🚧 Early alpha — building the foundation. See the roadmap →

Challenge 27: Bases query layer architecture (where complex query logic lives)

Created May 7, 2026 Updated Jun 1, 2026

Three parallel fresh-agent deliverables responded to this brief on 2026-05-07. All three are preserved verbatim in zz-research/:

Deliverable A — Crosswalker-specific framing — recommends Hybrid + Repository + registerBasesView (TaskNotes v4 precedent)
Deliverable B — Vault-as-database stack — four-layer schema/storage/query/views model with CQRS
Deliverable C — Materialization + codeblock (Pattern B+D) — recommends materialized SQL→Bases + crosswalker-query codeblock; closes most of the brief’s 7 investigation areas concretely

All three converge on the architectural posture (hybrid Bases-as-default + escape hatch for what Bases can’t express). They diverge on the integration mechanism (A: registerBasesView custom view types; C: codeblock processor). Ch 28 was filed as a follow-on to stress-test the materialization lifecycle, the registerBasesView-vs-codeblock decision, and the audit-trail implications before the synthesis log lands.

Why this exists

Bases is locked as the v0.1 query layer (per the Ch 23 synthesis + the project memory commitment — Dataview removed). And per Ch 07 (evidence-link edge model), junction notes (edge-as-note reification) are the only architecture compatible with Bases’ flat-YAML constraint.
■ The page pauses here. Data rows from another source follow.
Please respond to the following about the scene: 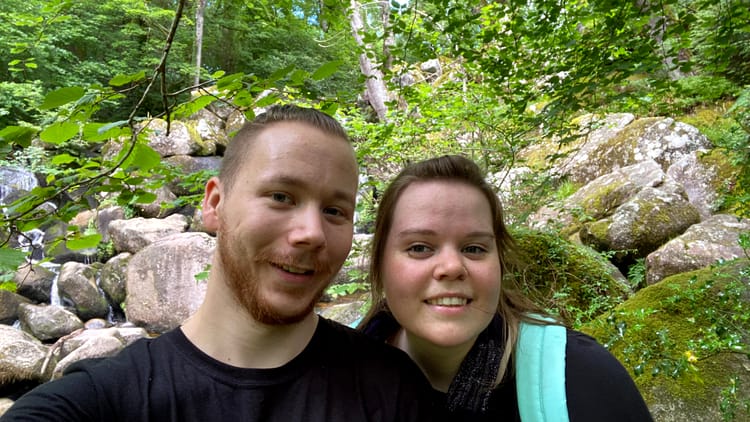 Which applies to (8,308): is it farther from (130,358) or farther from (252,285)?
(252,285)

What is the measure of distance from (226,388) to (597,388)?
1061mm

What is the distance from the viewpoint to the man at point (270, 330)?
3.57 feet

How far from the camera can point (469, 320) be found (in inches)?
56.1

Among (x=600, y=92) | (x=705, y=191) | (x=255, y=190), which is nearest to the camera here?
(x=255, y=190)

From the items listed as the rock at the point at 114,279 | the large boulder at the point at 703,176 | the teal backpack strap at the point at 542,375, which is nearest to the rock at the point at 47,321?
the rock at the point at 114,279

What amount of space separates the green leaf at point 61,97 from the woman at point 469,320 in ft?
3.41

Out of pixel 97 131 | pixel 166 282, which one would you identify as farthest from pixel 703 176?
pixel 166 282

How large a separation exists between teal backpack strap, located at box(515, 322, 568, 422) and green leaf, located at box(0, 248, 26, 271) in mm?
1481

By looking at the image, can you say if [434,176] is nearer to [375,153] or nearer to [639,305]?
[639,305]

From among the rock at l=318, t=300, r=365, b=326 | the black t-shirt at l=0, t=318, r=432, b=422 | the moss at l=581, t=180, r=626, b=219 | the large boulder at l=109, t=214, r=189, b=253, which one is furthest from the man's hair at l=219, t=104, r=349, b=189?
Answer: the large boulder at l=109, t=214, r=189, b=253

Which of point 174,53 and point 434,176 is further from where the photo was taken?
point 174,53

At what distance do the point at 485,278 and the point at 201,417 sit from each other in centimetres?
93

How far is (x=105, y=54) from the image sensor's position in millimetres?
16188

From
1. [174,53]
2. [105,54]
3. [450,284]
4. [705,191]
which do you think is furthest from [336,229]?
[105,54] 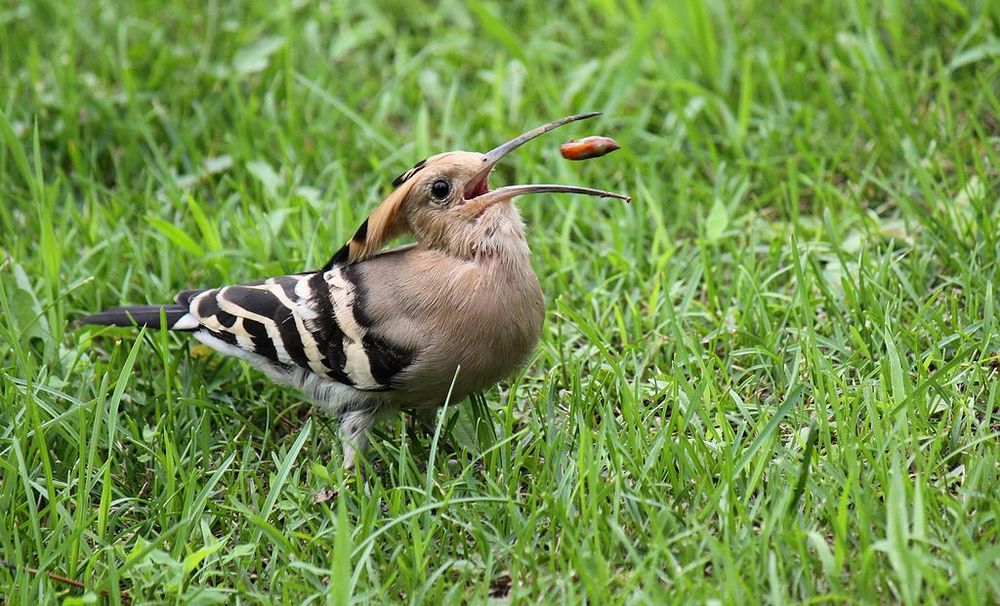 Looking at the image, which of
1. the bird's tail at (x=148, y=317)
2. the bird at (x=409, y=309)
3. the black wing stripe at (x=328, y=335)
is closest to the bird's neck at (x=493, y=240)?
the bird at (x=409, y=309)

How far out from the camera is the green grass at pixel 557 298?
121 inches

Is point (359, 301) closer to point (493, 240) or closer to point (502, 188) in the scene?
point (493, 240)

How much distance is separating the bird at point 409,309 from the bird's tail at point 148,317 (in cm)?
3

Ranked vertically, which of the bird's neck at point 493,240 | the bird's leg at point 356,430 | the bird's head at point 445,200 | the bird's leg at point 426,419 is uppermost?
the bird's head at point 445,200

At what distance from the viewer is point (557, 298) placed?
427cm

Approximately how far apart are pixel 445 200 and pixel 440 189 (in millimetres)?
37

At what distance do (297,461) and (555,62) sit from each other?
114 inches

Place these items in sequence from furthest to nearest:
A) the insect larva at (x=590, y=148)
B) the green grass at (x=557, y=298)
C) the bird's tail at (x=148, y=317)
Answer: the bird's tail at (x=148, y=317)
the insect larva at (x=590, y=148)
the green grass at (x=557, y=298)

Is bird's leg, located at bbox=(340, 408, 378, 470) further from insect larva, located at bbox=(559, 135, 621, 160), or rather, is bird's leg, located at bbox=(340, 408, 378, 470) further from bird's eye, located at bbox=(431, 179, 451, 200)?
insect larva, located at bbox=(559, 135, 621, 160)

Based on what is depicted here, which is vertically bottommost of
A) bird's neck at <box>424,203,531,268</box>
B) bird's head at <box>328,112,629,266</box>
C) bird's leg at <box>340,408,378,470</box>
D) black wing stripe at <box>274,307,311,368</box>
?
bird's leg at <box>340,408,378,470</box>

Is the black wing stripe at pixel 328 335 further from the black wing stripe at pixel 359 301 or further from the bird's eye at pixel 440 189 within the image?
the bird's eye at pixel 440 189

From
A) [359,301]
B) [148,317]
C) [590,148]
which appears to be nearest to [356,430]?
[359,301]

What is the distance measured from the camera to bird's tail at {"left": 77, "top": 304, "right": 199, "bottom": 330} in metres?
3.96

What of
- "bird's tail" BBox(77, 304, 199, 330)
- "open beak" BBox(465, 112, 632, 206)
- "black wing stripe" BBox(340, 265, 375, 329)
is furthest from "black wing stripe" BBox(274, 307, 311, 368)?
"open beak" BBox(465, 112, 632, 206) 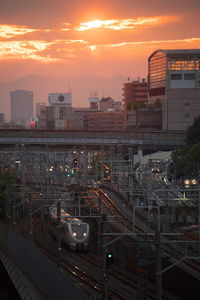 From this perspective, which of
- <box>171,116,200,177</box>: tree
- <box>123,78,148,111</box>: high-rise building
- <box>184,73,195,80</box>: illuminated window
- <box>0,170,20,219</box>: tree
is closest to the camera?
Answer: <box>0,170,20,219</box>: tree

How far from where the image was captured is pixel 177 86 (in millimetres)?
88188

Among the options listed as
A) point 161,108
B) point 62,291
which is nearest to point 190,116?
point 161,108

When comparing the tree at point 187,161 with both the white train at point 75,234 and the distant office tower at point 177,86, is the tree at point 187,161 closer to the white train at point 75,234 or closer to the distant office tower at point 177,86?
the white train at point 75,234

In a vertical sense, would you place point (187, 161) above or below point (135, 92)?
below

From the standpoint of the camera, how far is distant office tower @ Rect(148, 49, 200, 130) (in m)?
84.0

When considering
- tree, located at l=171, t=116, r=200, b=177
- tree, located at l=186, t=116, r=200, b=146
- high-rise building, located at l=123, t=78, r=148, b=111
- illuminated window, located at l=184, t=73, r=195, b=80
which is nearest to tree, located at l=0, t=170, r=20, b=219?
tree, located at l=171, t=116, r=200, b=177

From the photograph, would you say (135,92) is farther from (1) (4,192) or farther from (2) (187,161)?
(1) (4,192)

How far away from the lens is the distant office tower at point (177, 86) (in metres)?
84.0

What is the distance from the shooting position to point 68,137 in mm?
51156

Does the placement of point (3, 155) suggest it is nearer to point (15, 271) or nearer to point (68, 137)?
point (68, 137)

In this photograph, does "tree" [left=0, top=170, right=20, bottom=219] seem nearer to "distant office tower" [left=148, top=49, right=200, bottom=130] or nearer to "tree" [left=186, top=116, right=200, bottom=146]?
"tree" [left=186, top=116, right=200, bottom=146]

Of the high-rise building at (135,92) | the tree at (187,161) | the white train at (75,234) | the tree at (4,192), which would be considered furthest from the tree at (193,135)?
the high-rise building at (135,92)

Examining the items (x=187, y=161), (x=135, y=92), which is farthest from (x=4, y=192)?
(x=135, y=92)

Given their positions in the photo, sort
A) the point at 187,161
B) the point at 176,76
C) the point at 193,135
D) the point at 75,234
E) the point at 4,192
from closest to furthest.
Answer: the point at 75,234 < the point at 4,192 < the point at 187,161 < the point at 193,135 < the point at 176,76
But these two commitments leave a real architectural gap unaddressed:

Bases is tabular only. It does NOT support: joins across files, recursive graph traversal, aggregation across linked notes, edge-metadata-on-links, inline field queries. — metadata-ecosystem concept page

The user-facing queries Crosswalker exists to enable include exactly the things Bases can’t do natively:

User question	Bases-doable?	Notes
”Show all NIST AC controls”	✅ Yes	Flat filter on `file.inFolder()` or `framework` frontmatter
”Show all junction notes”	✅ Yes	Flat filter on `kind == 'junction-note'`
”Show junction notes where coverage = ‘partial’”	✅ Yes	Flat filter on frontmatter
”Show junction notes for AC-2”	✅ Yes	Flat filter on `subject` field (wikilink-target string match)
“Show controls WITHOUT any junction note”	❌ No	Anti-join across files; Bases has no left-anti-join semantics
”Coverage matrix: each control × evidence count × framework”	❌ No	Multi-table aggregate join
”All controls reachable from NIST CSF Identify via any chain of crosswalks”	❌ No	Recursive graph traversal
”Crosswalk between two ontologies, filtered by STRM predicate”	❌ No	Joining mappings + concepts tables
”Show evidence freshness per control with computed staleness”	⚠ Partial	Bases formulas can compute per-row; can’t aggregate per-control across multiple junctions

The first 4 (Bases-doable) are flat queries over Tier 1 frontmatter. The last 5 (Bases-impossible) require either Tier 2 SQL or DataviewJS. We’ve removed Dataview. We’ve shipped Tier 2 SQL helpers (v0.1.5 Phase 3) that handle exactly these cases. The architectural question is: how do these two surfaces compose at user-experience level?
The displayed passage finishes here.